3b. Use a technique similar to 3a to handle application/OS updates in the field.
3c. If it is impractical for you to mount the FS as read-only, at least consider opening individual files as read-only (e.g. fp=fopen("configuration.ini", "r")).
If possible, use separate devices for your storage. Keeping things in separate partitions provides some protection, but there are still edge cases where a partition table may become corrupt and render the entire drive unreadable. Using physically separate devices further isolates against one corrupt device bringing down the whole system. In a perfect world, you would have at least 4 separate devices:
4a. Boot Loader
4b. Operating System & Application Code
4c. Configuration Settings
4e. Application Data
Know the characteristics of your storage devices, and control the brand/model/revision of devices used. Some hard disks ignore cache flush commands from the OS. We had cases where some models of CompactFlash cards would corrupt themselves during a power failure, but the "industrial" models did not have this problem. Of course, this information was not published in any datasheet, and had to be gathered by experimental testing. We developed a list of approved CF cards, and kept inventory of those cards. We periodically had to update this list as older cards became obsolete, or the manufacturer would make a revision.
Put your temporary files in a RAM Disk. If you keep those writes off-disk, you eliminate them as a potential source of corruption. You also reduce flash wear and tear.
Develop automated corruption detection and recovery methods. - All of the above techniques will not help you if the application simply hangs because a missing config file. You need to be able to recover as gracefully as possible:
7a. Your system should maintain at least two copies of its configuration settings, a "primary" and a "backup". If the primary fails for some reason, switch to the backup. You should also consider mechanisms for making backups whenever whenever the configuration is changed, or after a configuration has been declared "good" by the user (testing vs production mode).
7b. Did your Application Data partition fail to mount? Automatically run chkdsk/fsck.
7c. Did chkdsk/fsck fail to fix the problem? Automatically re-format the partition and get it back to a known state.
7d. Do you have a Boot Loader or other method to restore the OS and application after a failure?
7e. Make sure your system will beep, flash an LED, or something to indicate to the user what happened.
Power Failures should be part of your system qualification testing. The only way you will be sure you have a robust system is to test it. Yank the power cord from the system and document what happens. Try yanking the power at multiple points in the system operation (during runtime, while booting, mid configuration, etc). Repeat each test multiple times.
If you cannot mitigate all power failure problems, incorporate a battery or Supercapacitor into the system - Keep in mind that you will need a background process in your OS to initiate a graceful shutdown when power gets low. Also, batteries will require periodic testing and replacement with age.
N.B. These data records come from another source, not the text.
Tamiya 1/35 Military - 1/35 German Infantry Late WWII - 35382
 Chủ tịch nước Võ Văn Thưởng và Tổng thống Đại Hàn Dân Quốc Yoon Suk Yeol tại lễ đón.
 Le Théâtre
Addition to msemack's response, unfortunately my rating is too low to post a comment to his answer vs. a separate answer.
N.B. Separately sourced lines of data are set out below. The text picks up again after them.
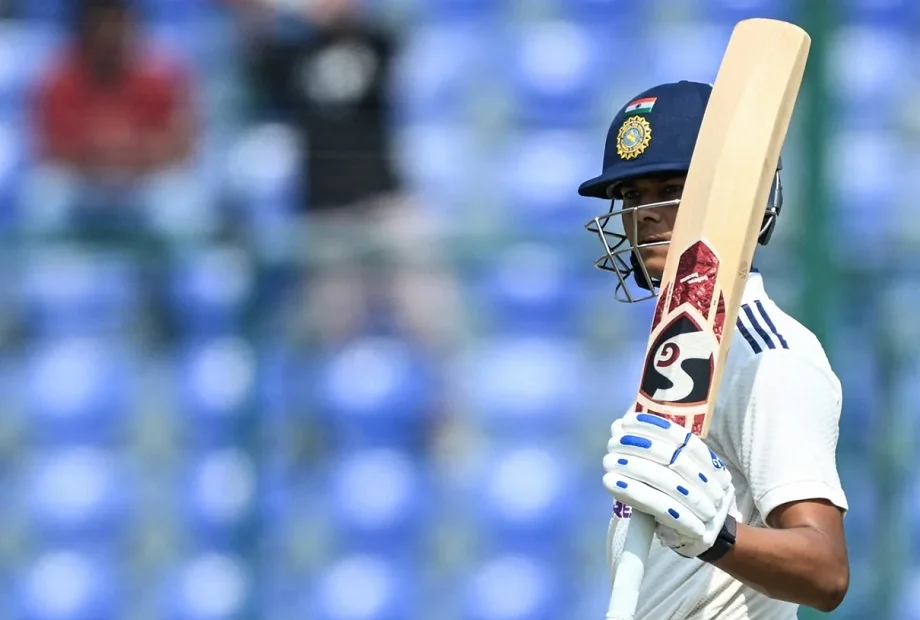 IND vs WI: यशस्वी जायसवाल ने लगाया टेस्ट कॅरियर का सातवां शतक, भारत ने बड़े स्कोर की ओर बढ़ाए कदम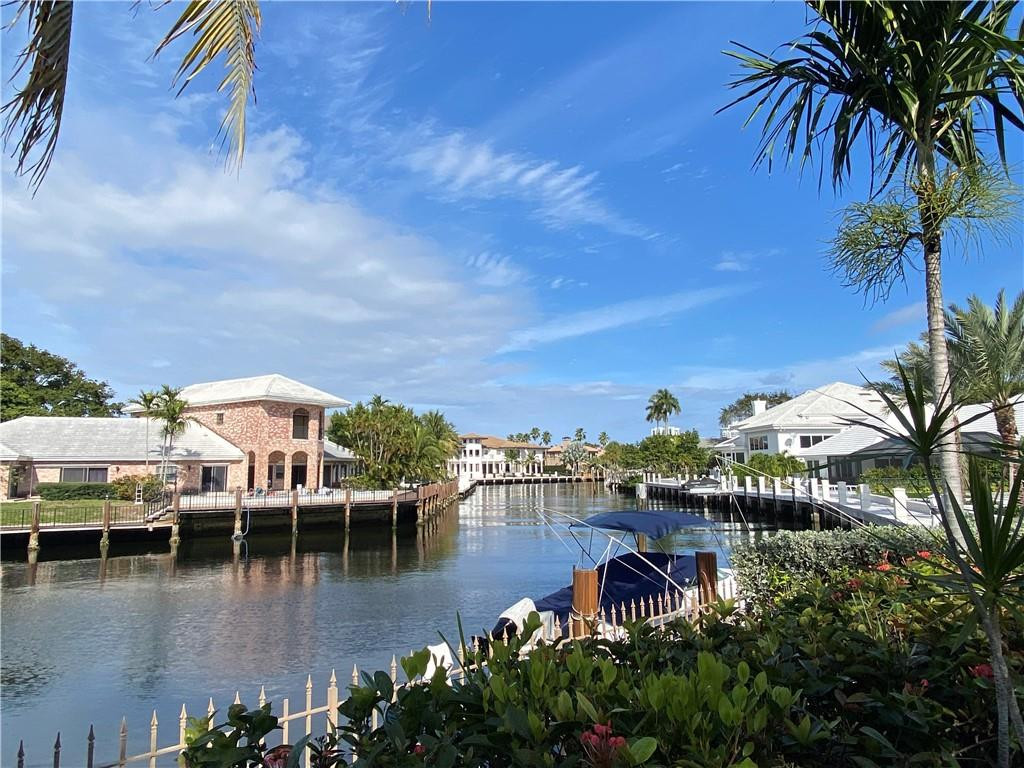 71 Bay Colony, Fort Lauderdale FL 33308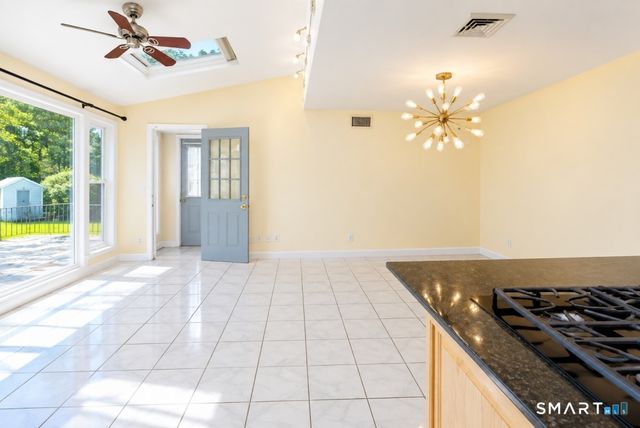 1680 Main Street, Stratford, CT 06615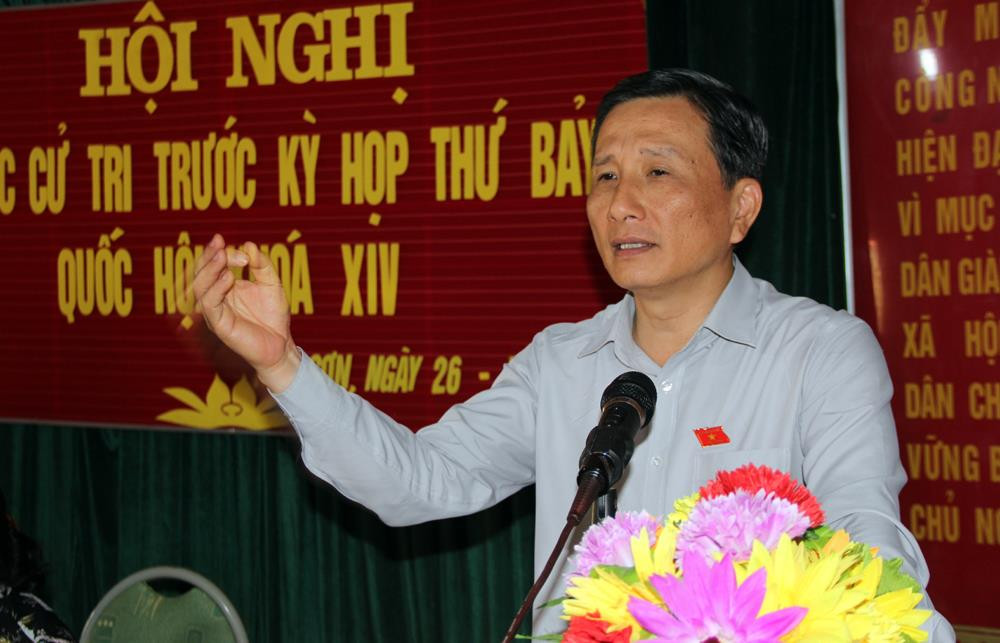 Tại buổi tiếp xúc, đại biểu Lê Quang Huy đã thông báo tới cử tri những chương trình dự kiến sẽ diễn ra trong kỳ hợp sắp tới. Ảnh: Tiến Hùng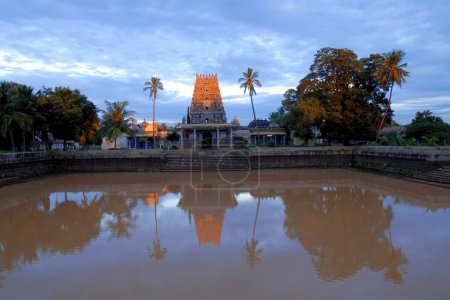 Téléchargez les photos : Le temple Vairavanpatti est sur la route Karaikudi-Madurai ; à environ 15km de Karaikudi l'un des neuf temples du clan de Nattukottai Chettiar ; Chettinad ; Tamil Nadu ; Inde - en image libre de droit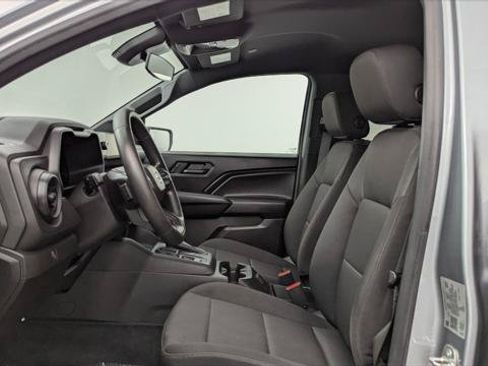 Used 2023 Chevrolet Colorado W/T RWD image 14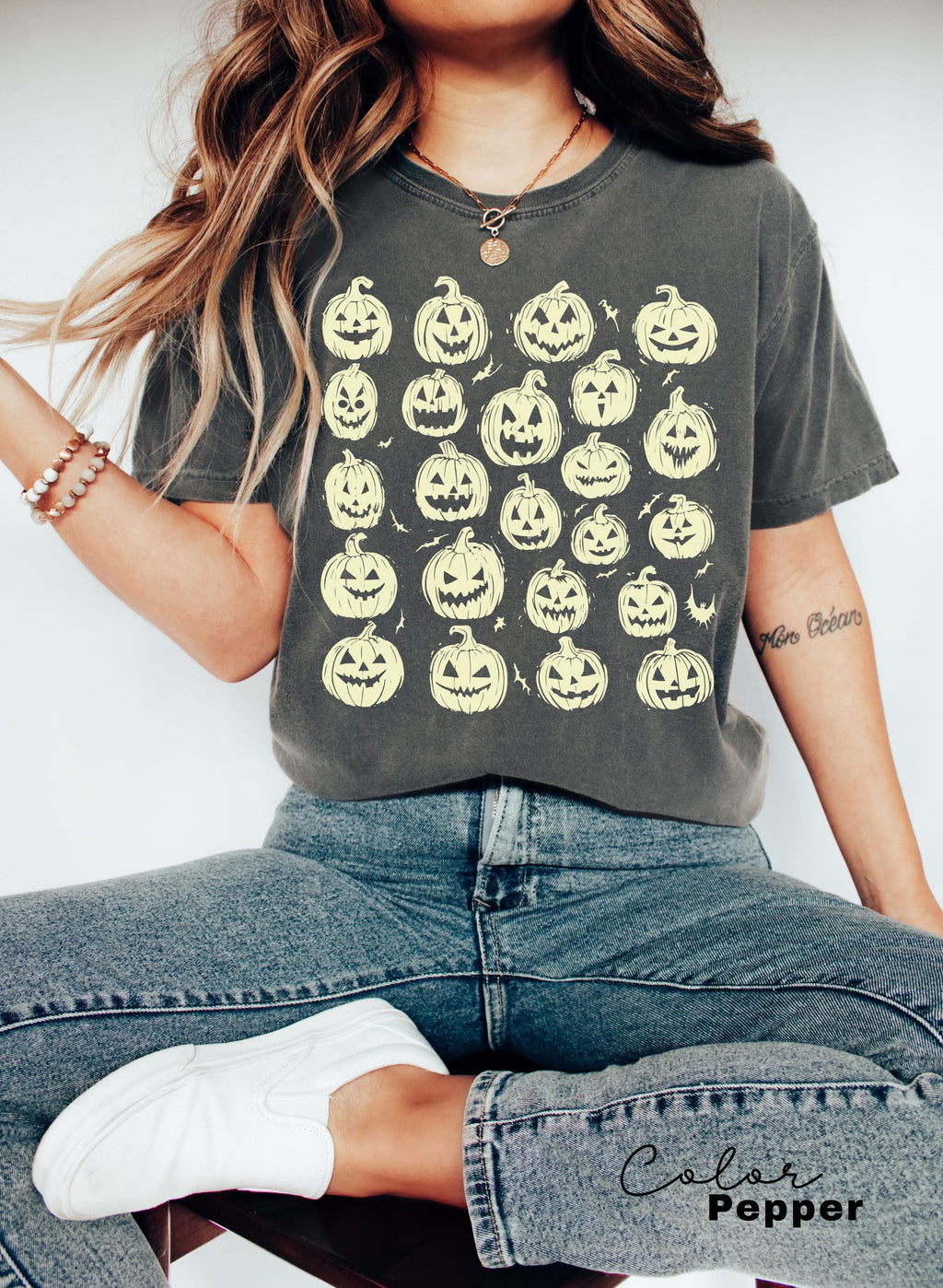 Retro Halloween Jack O Lantern Pumpkin Shirt, 90s Halloween Shirt, Spooky Season, Halloween Tee, Pumpkin Shirt, Halloween Doodle Tee,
Does a power down have any effect on the file system?
Yes, if proper measures aren't put in place to prevent corruption. See previous answers for file system options to help mitigate. However if ATA flush/sleep aren't properly implemented on your device you may run into the scenario we did. In our scenario the device was corrupt beyond the file system, and fdisk/format would not recover the device.
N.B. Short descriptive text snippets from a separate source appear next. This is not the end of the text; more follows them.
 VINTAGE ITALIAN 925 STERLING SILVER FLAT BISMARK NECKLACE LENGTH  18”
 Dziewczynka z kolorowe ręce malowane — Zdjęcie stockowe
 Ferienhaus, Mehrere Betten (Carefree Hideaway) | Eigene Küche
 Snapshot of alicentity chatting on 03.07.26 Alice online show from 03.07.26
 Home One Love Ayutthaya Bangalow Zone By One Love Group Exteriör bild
Instead an ATA security-erase was required to recover the device once corruption occurs. In order to avoid this, we implemented an ATA sleep command prior to power loss. This required hold-up of 400ms to support the 160ms ATA sleep took, and leave some head room for degradation of the caps over the life of the product.
Notes from our scenario:
fdisk/format failed to repair/recover the drive.
Our power-safe file system's check disk utility returned that the device had bad blocks, but there really weren't any.
flush/sync returned success, quickly, and most likely weren't implemented.
Once corrupt, dd could not read the device beyond the 1st partition boundary and returned i/o errors after.
hdparm used to issue ATA security-erase, as only method of recovery for some corruption scenarios.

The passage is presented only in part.